**WHAT THIS TASK INVOLVES**
Answer with the number of lines in the listing below that contain the word "Model", and nothing else.

**DATA FOR PROCESSING**

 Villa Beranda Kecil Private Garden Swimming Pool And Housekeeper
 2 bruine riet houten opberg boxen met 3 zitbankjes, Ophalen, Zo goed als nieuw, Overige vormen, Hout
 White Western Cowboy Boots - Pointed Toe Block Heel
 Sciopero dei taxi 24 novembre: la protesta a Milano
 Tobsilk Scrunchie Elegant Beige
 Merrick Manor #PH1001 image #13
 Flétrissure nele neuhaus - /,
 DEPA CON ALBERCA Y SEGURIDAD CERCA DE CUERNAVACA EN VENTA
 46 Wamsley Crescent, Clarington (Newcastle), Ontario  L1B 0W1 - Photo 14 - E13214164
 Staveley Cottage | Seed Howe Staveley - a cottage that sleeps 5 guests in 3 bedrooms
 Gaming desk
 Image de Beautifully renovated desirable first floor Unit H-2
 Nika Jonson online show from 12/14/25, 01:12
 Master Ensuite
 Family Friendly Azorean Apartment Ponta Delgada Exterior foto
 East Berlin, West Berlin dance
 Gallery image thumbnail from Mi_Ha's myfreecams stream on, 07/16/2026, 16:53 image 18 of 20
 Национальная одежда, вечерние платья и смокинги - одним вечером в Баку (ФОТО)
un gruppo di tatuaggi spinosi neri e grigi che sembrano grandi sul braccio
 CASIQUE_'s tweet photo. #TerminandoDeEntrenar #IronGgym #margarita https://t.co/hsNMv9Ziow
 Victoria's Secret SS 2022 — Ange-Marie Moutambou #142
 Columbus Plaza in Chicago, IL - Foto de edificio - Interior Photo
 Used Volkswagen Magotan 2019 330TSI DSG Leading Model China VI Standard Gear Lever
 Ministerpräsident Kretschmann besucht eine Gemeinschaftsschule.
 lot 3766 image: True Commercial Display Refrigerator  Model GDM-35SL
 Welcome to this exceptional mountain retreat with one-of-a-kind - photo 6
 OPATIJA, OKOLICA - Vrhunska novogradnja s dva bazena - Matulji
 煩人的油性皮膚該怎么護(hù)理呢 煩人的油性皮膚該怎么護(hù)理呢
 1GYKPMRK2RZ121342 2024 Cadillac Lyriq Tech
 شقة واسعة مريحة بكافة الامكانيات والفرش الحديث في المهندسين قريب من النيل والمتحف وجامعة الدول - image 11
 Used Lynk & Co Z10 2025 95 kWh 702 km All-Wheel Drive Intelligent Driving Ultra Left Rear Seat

**EXPECTED OUTPUT**
2